My fixed mirrors my touring/audax set-up on the 'other' bike. Mainly because they're used for much the same things. So drops and two brakes.


----------



## fossala (23 Nov 2018)

skudupnorth said:


> Here’s my Boardman on holiday in Cornwall
> View attachment 440102


Nice, I live in Cornwall. Building up a Bob Jackson Vigorelli with mudguards at the moment. I've picked up some NOS Dura ace 7403 levers and I'm pairing them with some NOS DA 7800 brake calipers. I'll post the bike once built up, just waiting on the frame from BJ.


----------



## skudupnorth (23 Nov 2018)

fossala said:


> Nice, I live in Cornwall. Building up a Bob Jackson Vigorelli with mudguards at the moment. I've picked up some NOS Dura ace 7403 levers and I'm pairing them with some NOS DA 7800 brake calipers. I'll post the bike once built up, just waiting on the frame from BJ.


Lovely part of the world which we always visit every year. Got a few funny looks from local cyclists due to the lack of gears on my bike


----------



## colly (24 Nov 2018)

skudupnorth said:


> Here’s my Boardman on holiday in Cornwall
> View attachment 440102


I think that may be the same frame I have used:


----------



## skudupnorth (24 Nov 2018)

colly said:


> I think that may be the same frame I have used:
> 
> View attachment 440198


Love that colour


----------



## Singlespeeder (30 Nov 2018)




----------



## rogerzilla (9 Jan 2019)

I find a singlespeed to be slower than a geared bike, but my singlespeed is geared at 60" for a nice cadence on the flat. Obviously this means coasting a lot on downhills and having excess power that can't be used with a tailwind.

I am faster on a fixie than on a geared bike. I found it saved about 30 seconds in a flattish "10", once I'd settled on the right gear, and the fastest I've ridden the Dunwich Dynamo (112.7 miles) was on my commuting fixie with 26 x 1.35 Marathon Plus tyres.

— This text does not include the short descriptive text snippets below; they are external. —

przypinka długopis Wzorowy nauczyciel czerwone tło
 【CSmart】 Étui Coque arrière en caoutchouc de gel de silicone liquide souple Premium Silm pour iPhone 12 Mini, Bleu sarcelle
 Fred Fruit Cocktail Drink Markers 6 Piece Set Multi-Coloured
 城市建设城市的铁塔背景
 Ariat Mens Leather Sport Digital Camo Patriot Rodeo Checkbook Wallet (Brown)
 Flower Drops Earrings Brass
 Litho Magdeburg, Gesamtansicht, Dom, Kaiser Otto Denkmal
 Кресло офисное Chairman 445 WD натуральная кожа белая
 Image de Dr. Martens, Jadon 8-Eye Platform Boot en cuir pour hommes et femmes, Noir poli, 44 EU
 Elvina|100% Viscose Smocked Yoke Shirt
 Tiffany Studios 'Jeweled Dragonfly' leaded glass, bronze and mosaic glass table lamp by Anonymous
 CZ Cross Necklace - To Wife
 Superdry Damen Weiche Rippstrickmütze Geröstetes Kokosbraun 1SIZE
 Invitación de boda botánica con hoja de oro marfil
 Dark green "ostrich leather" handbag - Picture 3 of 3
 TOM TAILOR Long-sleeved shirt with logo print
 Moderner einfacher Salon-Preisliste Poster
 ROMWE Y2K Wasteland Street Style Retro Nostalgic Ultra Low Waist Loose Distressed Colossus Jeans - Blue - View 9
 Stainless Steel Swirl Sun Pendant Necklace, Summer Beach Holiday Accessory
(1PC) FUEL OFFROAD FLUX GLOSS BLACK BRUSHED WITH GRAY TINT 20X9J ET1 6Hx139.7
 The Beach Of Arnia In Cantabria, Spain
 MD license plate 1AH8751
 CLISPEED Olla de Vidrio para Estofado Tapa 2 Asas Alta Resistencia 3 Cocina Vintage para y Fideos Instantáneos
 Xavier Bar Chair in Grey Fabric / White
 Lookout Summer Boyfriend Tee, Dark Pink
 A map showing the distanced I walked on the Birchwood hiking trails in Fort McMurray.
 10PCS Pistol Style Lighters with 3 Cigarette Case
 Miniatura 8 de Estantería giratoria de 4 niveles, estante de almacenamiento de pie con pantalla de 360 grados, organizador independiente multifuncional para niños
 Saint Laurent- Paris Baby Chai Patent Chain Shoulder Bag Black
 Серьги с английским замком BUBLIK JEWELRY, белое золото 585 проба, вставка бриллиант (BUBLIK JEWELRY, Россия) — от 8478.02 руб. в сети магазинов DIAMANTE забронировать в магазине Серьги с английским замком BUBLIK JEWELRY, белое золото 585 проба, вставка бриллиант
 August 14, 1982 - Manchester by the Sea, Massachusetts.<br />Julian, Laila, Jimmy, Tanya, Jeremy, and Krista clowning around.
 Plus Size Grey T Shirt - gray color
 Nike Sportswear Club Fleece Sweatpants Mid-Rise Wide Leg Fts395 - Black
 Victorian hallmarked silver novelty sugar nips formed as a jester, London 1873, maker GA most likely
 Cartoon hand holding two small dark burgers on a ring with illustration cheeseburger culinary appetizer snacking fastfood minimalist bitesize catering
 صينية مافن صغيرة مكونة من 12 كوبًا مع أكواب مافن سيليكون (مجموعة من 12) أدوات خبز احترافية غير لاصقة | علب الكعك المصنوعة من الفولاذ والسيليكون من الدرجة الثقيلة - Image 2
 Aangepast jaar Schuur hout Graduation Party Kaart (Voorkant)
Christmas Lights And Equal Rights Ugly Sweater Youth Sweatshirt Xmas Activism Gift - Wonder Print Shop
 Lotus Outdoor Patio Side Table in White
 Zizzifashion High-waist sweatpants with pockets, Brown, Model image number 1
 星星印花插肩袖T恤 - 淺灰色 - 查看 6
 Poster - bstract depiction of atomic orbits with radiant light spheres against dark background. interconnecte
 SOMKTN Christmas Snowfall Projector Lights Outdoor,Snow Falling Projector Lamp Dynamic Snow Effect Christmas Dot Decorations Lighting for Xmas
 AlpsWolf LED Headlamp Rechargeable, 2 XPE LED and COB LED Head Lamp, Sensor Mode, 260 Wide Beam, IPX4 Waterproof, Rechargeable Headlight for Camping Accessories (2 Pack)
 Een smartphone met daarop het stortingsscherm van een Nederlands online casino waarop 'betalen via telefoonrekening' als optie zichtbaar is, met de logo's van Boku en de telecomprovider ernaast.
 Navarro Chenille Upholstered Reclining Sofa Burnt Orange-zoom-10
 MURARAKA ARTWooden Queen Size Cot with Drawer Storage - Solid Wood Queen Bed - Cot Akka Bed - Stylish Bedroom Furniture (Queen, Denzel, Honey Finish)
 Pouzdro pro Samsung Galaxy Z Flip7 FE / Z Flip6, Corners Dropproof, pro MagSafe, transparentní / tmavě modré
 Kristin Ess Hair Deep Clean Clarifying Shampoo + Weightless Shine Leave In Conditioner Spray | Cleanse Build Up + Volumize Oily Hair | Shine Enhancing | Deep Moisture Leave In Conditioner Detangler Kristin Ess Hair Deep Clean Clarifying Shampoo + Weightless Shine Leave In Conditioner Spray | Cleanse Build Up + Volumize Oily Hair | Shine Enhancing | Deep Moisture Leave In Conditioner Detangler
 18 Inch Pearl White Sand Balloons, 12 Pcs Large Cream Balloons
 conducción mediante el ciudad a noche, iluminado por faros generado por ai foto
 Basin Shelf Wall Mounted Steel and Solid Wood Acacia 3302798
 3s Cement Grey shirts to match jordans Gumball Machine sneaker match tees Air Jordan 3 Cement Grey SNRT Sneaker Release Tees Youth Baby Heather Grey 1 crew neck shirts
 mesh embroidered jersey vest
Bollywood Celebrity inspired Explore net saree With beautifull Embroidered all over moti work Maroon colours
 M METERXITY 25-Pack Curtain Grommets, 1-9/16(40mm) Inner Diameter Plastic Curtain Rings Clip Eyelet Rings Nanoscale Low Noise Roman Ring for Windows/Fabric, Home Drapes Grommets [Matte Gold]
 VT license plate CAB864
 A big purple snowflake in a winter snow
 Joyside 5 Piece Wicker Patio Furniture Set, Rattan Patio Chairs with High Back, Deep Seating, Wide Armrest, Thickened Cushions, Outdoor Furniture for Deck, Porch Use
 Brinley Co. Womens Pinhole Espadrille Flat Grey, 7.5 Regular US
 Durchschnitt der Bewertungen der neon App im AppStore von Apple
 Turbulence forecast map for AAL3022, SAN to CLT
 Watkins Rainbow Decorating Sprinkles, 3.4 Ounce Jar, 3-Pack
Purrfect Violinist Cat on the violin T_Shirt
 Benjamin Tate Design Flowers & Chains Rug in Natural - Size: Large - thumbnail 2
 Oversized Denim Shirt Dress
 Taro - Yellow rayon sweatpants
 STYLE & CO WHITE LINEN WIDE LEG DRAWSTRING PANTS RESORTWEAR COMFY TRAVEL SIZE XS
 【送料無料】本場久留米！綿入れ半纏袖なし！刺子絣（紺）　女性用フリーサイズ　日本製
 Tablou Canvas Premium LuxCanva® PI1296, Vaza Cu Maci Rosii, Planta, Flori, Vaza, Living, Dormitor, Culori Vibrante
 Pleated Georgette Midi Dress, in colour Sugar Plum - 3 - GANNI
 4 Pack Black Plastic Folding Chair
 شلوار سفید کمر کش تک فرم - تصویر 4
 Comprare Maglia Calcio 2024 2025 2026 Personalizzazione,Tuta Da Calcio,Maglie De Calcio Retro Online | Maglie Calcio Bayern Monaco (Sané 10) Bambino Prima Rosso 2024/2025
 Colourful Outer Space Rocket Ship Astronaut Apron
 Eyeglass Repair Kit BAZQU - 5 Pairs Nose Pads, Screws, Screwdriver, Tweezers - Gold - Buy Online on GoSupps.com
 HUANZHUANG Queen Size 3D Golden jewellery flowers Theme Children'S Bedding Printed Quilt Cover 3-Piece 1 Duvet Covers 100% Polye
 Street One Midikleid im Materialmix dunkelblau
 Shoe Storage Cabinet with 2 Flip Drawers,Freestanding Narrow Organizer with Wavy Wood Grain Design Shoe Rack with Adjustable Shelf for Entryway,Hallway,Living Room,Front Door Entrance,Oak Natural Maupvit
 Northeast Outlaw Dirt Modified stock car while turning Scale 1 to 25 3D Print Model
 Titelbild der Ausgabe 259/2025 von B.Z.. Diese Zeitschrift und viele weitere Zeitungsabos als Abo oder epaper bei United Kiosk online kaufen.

It probably saved half an hour.

For general use I ride a 67-70" fixed gear, although I went up to 90" for time trialling because there was a slight downhill at the start of the course and I couldn't get enough power down on a lower gear. You generally want a higher gear on fixed because you have to be able to make it down hills; on a singlespeed you can just let it roll.


----------



## 12boy (10 Jan 2019)

I am currently riding a surly steamroller with 48 x 16. Today with 20 mph headwinds it was hard work and slow, especially on hills. Doubt any of my geared bikes would have been much better. I also have been riding an old centurion with 42 x 18 and studded snows since there was ice and snow. It would have made todays ride both easier and slower if I had ridden that with regular tires.


----------



## mustang1 (10 Jan 2019)

Someone told me that I was cheating because I was on my e-bike so I switched.
The next day someone told me I was cheating because I was on a geared bike so I switched. 
The next day someone told me I was cheating because I was on a free wheel ss so I switched .The next day someone told me I was cheating because I was on a fixed gear so I switched.
The next day someone told me I was cheating because I was a unicycle so I switched. 
The next day someone told me I was cheating so I switched to walking.
The next day someone told me I was cheating so I punched him in the face.


----------



## rogerzilla (11 Jan 2019)

You were probably wearing shoes, you cheating lightweight!


----------



## randynewmanscat (11 Jan 2019)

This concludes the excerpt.